Staatswirtschaft contra Marktlogik
In Belarus, wo die tägliche Ernährung der Bevölkerung stärker als in fast jedem anderen europäischen Land auf Kartoffeln basiert, herrscht seit Wochen akuter Mangel. Die Versorgungslage hat sich derart verschlechtert, dass Bürger zunehmend auf Tiefkühlware zurückgreifen müssen – wenn sie denn verfügbar ist. Die staatlich verordnete Preisbindung macht das Produkt für Landwirte und Händler unrentabel, während Exporte nach Russland florieren.
Wie das belarussische Kartoffelinstitut gegenüber dw.com erklärte, hat sich die Krise über Monate aufgebaut. Neben einer schwachen Ernte und gestiegenen Betriebskosten sind es vor allem die staatlich festgelegten Höchstpreise, die zur Marktverzerrung führten. Landwirte müssen ihre Produkte für 76 Kopeken (0,20 EUR) pro Kilo verkaufen – ein Preis unterhalb der Produktionskosten. Gleichzeitig erzielen Exporte nach Russland nahezu das Doppelte, was viele Produzenten dazu veranlasst hat, die heimischen Märkte zu umgehen.
Hinzu kommt ein gravierender Infrastrukturmangel. Infolge schlechter Lagerbedingungen verderben bis zu 40 Prozent der Ernte – ein erheblicher Verlust, den keine staatliche Kontrolle kompensieren kann.

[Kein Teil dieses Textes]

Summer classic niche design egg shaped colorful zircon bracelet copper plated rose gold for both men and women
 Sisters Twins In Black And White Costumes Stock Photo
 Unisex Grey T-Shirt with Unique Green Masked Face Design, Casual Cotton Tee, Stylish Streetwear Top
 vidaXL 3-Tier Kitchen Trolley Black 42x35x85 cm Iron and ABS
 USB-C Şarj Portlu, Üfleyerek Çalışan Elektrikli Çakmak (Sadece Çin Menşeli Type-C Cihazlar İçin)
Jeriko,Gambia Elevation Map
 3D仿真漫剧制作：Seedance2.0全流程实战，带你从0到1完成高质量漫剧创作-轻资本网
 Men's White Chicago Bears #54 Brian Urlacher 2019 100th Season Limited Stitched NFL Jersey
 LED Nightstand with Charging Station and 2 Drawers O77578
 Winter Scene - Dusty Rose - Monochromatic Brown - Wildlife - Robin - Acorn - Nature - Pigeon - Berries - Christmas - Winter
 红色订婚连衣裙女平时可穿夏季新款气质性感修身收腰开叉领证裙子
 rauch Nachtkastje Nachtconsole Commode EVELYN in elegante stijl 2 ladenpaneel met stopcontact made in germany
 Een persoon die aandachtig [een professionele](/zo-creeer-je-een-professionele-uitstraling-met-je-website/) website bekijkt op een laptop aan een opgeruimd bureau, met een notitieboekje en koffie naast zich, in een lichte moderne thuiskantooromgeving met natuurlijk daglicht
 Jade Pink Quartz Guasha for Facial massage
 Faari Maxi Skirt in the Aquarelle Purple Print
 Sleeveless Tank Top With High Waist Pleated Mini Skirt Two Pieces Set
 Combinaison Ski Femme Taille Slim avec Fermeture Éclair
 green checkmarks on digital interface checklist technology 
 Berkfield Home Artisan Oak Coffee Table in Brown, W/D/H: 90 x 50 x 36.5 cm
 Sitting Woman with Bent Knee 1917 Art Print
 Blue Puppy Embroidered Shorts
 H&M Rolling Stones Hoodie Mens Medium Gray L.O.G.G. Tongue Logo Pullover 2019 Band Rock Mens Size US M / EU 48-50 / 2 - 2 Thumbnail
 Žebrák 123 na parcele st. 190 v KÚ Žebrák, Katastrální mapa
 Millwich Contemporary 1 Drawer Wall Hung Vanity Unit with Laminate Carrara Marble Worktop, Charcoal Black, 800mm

Die Grenzen der Planwirtschaft
Trotz Exportlizenzpflichten und verstärkter Grenzkontrollen gelingt es der Regierung nicht, die Abwanderung der Kartoffeln zu stoppen. Die Versorgungslage verschlechtert sich zusehends – nicht nur bei Kartoffeln. Auch Zwiebeln, Kohl und Gurken sind knapp. Besonders brisant: Belarus ist mittlerweile Russlands wichtigster Kartoffellieferant und hat Ägypten von Platz eins verdrängt. Das erklärt, warum russische Händler bereit sind, überhöhte Preise zu zahlen – während die belarussische Bevölkerung leer ausgeht.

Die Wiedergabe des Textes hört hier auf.